Warrandyte NDIS participant Steven Oram is using his sewing skills to volunteer to make pouches for orphaned wildlife out of donated and discounted fabrics and he just loves it.
Mum, Mary, also chips in paying to send them all over Australia to help wildlife rescuers, who care for orphaned animals whose parents have died on the roadside or have been bushfire affected.
An avid sewer herself and employed in a fabric shop, Mary said Steven, who is 33 with a moderate intellectual disability and chronic arthritis, took an interest in sewing two years ago and asked her if he could learn.
Reluctant to teach her own son, worried he wouldn’t take notice of her, Mary enlisted the help of a friend, who was happy to teach Steven.
“She taught him how to make jeans, shorts and pyjama pants. He just loved it.
“Then one day a local lady who sews quilts came into the shop. I noticed she had a sling bag on, and while I was serving her this little wallaby popped out. It was just beautiful.
“I looked at her pouch and thought my Stevie could make these. I asked her if she needed more made. She said yes so we set up a basic pattern and began sewing them and we started to supply her.”
Mary said they also made contact with Wildlife Rescue and Protection Inc. otherwise known as WRAP’s, a network of registered wildlife shelters, carers and rescuers, operating across Gippsland.
“They were happy to receive the pouches so I now send WRAP’s treasurer a whole lot of pouches and she distributes them at their monthly meeting.
“Word just spread via mouth, and then we made Steven a Facebook page, then demand grew and grew so we just kept on sewing,” Mary said.

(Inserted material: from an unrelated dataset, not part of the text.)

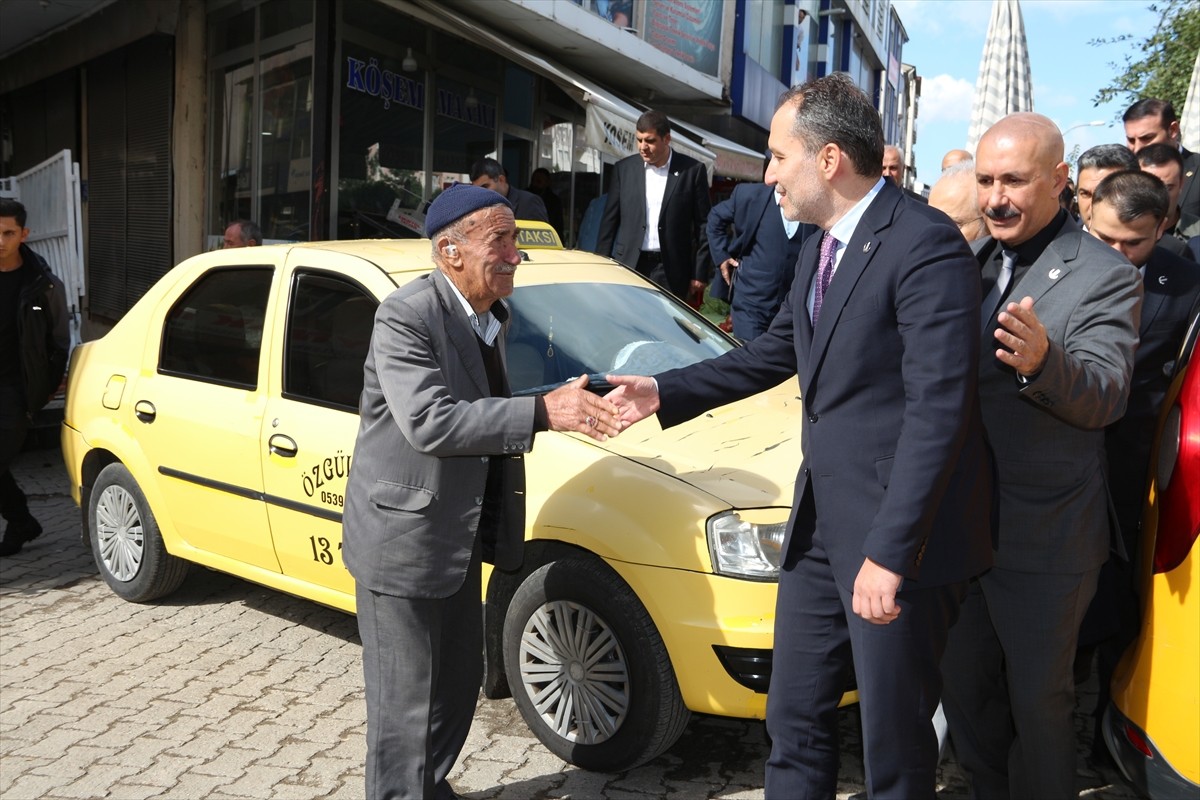 Yeniden Refah Partisi Genel Başkanı Fatih Erbakan (ortada), Bitlis'in Güroymak ilçesinde iş yeri...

“Last year, we had the Tasmanian bushfires so we sent 60 pouches down there.
“We sent a lot to NSW to help support the big bushfires there just before Christmas. We’ve also sent 66 pouches to a carer in Paynesville to distribute to other wildlife carers around Marlo and Mallacoota.”
Mary said their volunteer pouch making charity has grown since they started two years ago.
“Over the past two years, since Steven has been part of the NDIS, it has certainly helped to build his confidence to become more independent and to do and try new things,” Mary said.
“Steven has a twin brother, Mark, who has the same disabilities. Since they have joined the Scheme, I’ve noticed a real difference in them.
“They live in their own home, independently, and now they have support with cleaning and gardening and they enjoy spending Wednesdays with their carer, who takes them out to do a bit of shopping. She’s just marvellous.
“For us the NDIS has been brilliant. It has the boys doing activities away from each other, which is great, and it has given them an opportunity to develop their own interests.
“Sewing and distributing the pouches makes Steven feel productive,” Mary said. “It has allowed him to combine his interests – sewing and his love of animals and he just loves it.”